EXTRACTED ENTRIES.
※ ※ ※
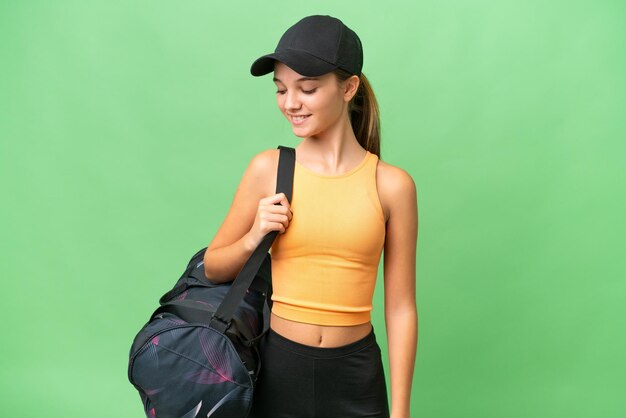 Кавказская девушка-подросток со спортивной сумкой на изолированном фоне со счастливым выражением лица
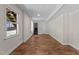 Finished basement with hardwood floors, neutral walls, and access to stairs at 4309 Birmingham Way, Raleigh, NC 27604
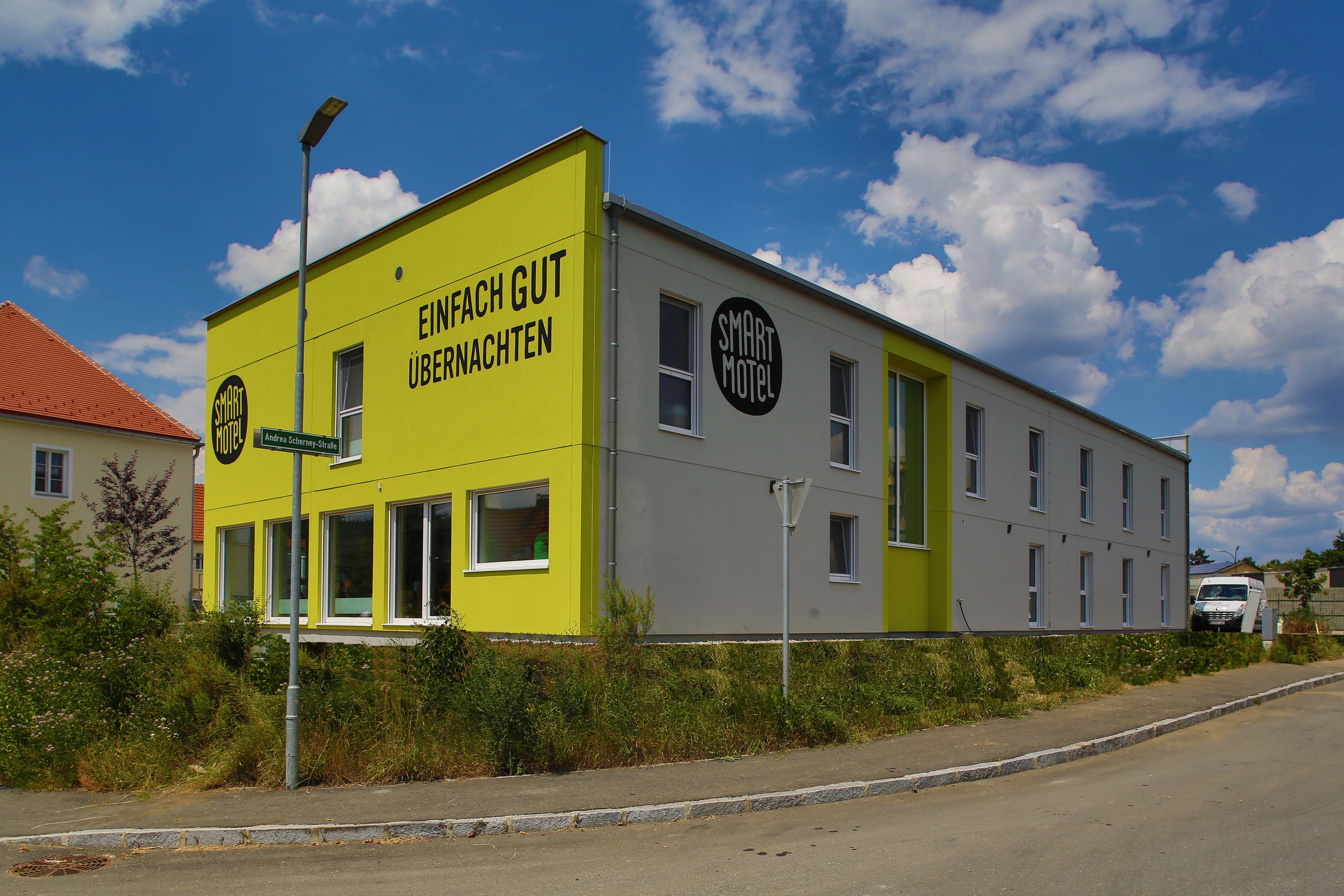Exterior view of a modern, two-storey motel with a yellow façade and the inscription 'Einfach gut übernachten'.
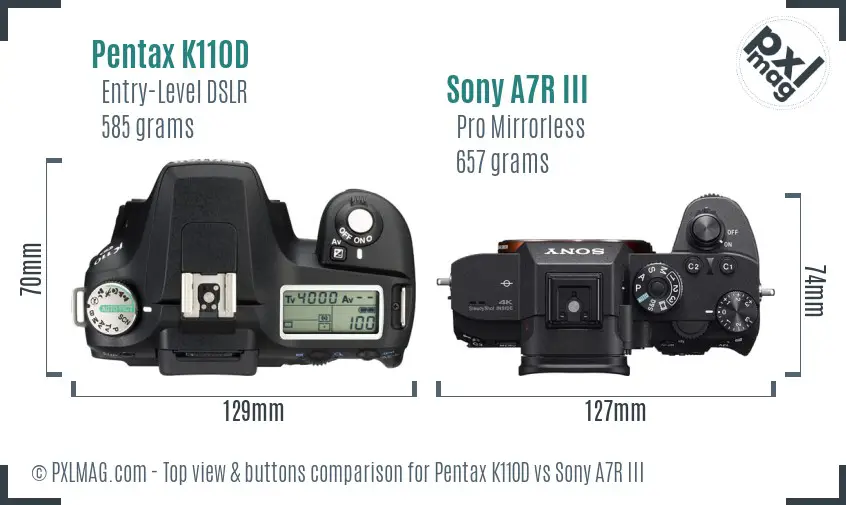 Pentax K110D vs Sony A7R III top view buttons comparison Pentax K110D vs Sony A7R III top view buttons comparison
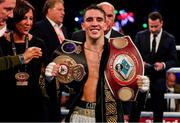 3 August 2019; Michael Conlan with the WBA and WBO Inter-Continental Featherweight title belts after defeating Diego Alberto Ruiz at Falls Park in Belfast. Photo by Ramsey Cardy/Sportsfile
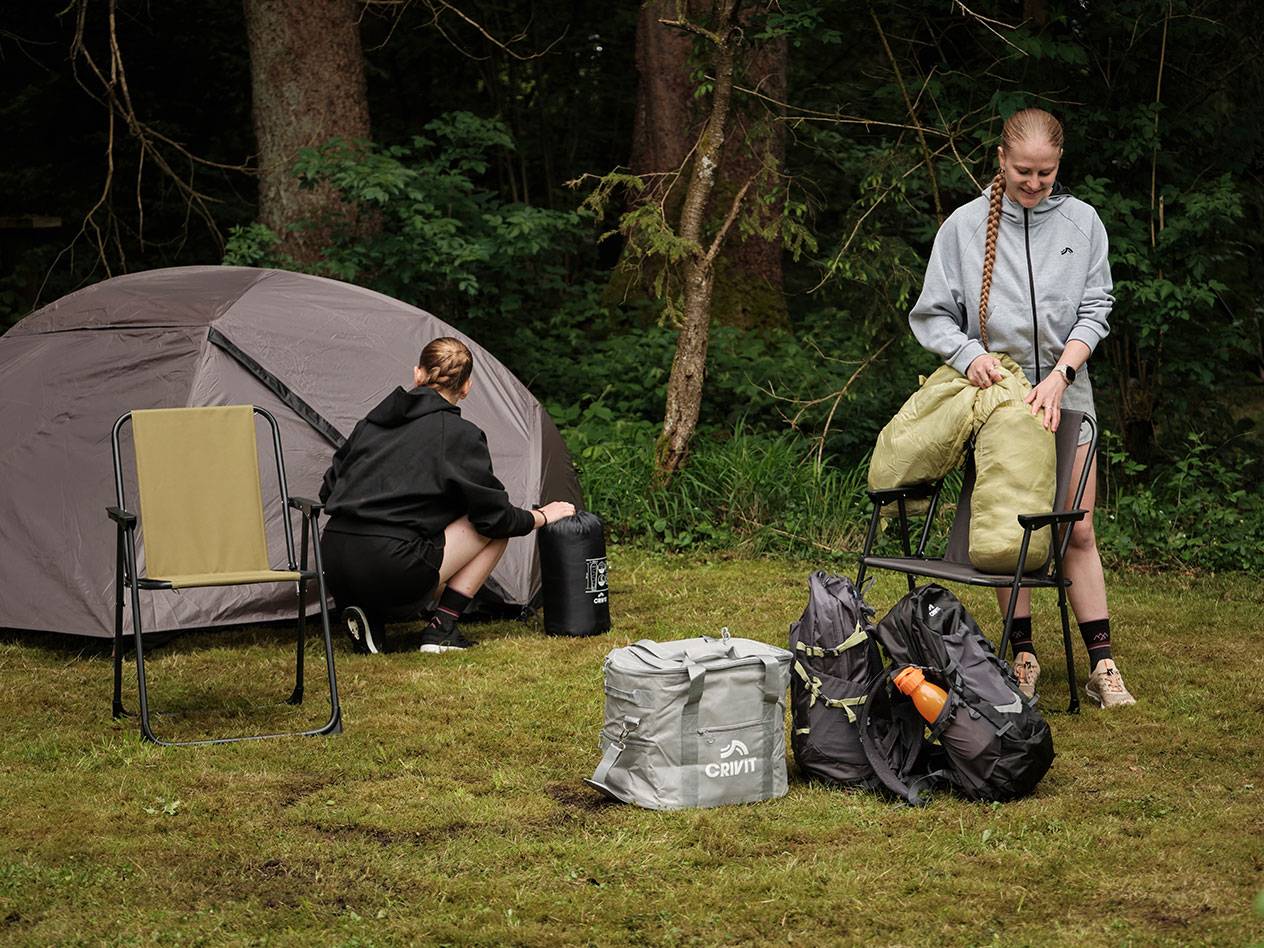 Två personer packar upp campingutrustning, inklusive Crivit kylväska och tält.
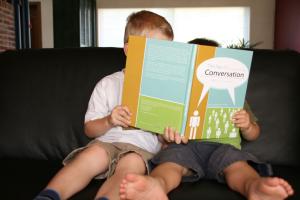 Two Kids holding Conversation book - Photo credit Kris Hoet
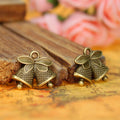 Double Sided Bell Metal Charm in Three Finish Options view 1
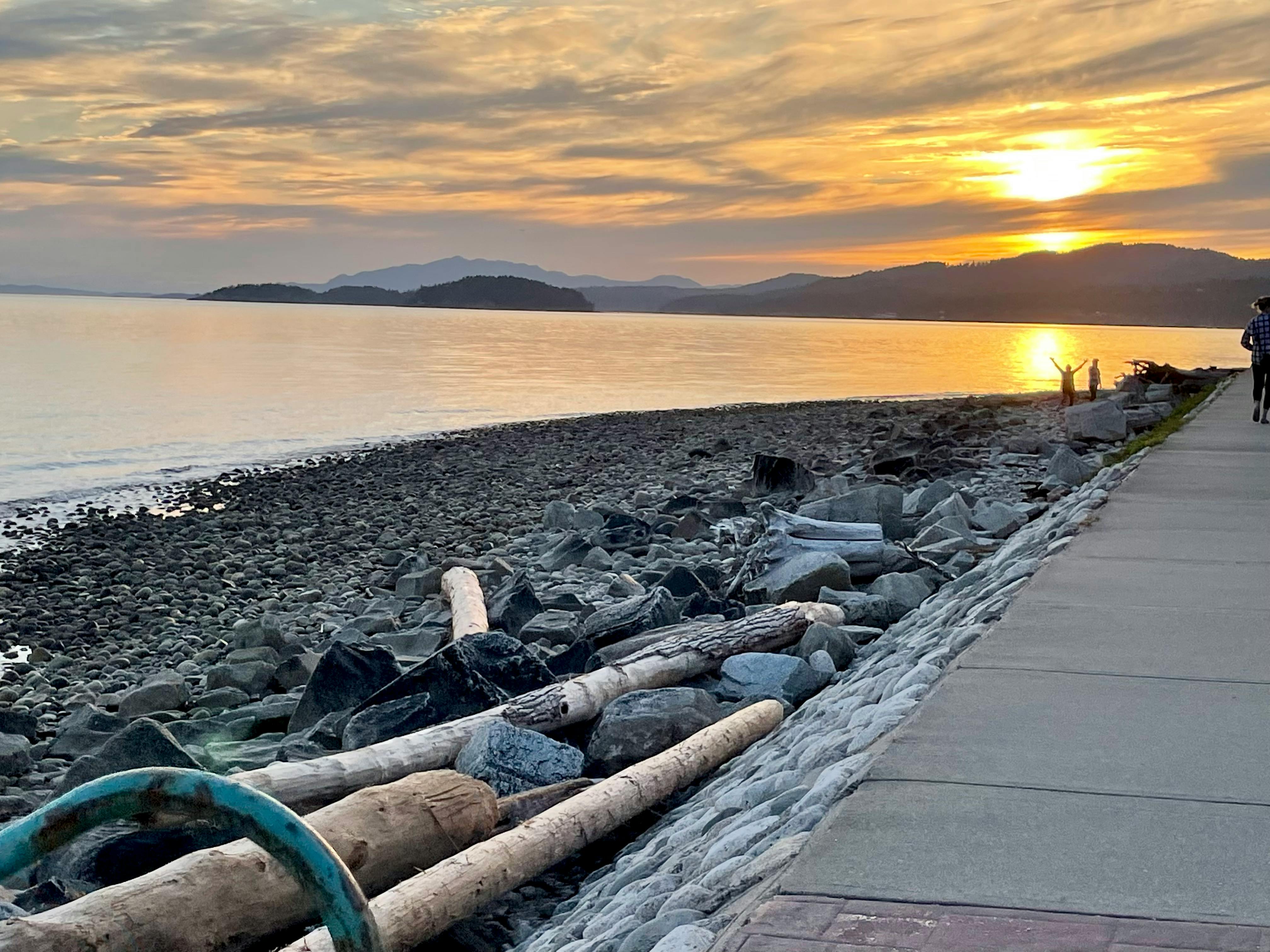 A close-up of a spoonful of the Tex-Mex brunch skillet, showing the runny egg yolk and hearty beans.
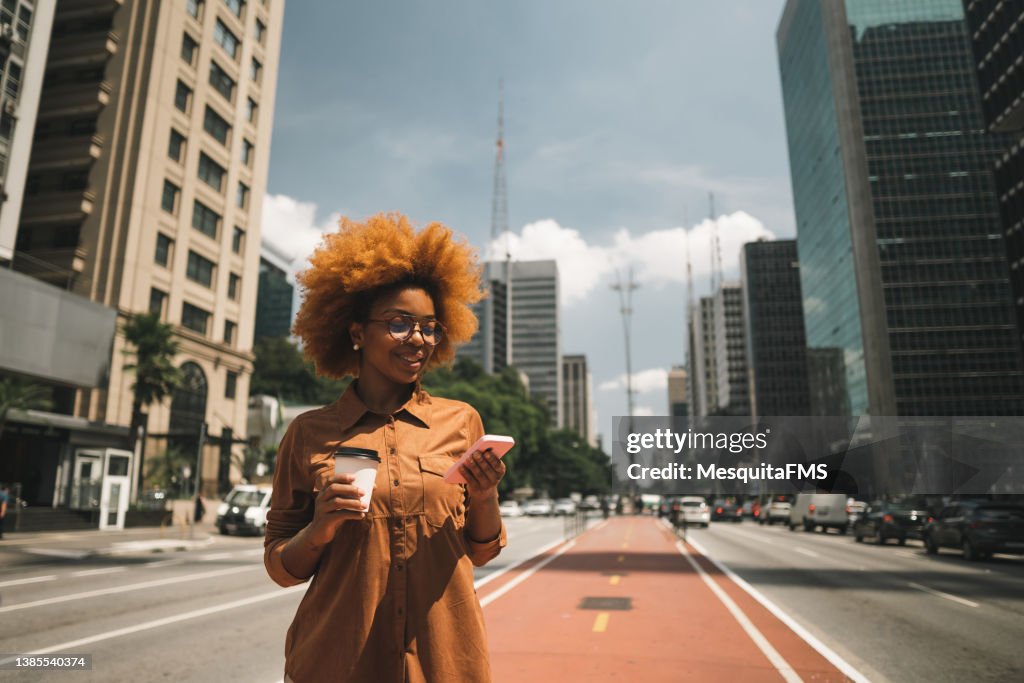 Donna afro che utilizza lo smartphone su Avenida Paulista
※ ※ ※
YOUR ASSIGNMENT.
Transcribe, word for word, the stretch of lines in the data above from the one with "Exterior view of" through the one with "Pentax K110D vs Sony A7R III top view buttons comparison Pentax"; omit all pictures.

ANSWER TO THE EXERCISE.
Exterior view of a modern, two-storey motel with a yellow façade and the inscription 'Einfach gut übernachten'.
 Pentax K110D vs Sony A7R III top view buttons comparison Pentax K110D vs Sony A7R III top view buttons comparison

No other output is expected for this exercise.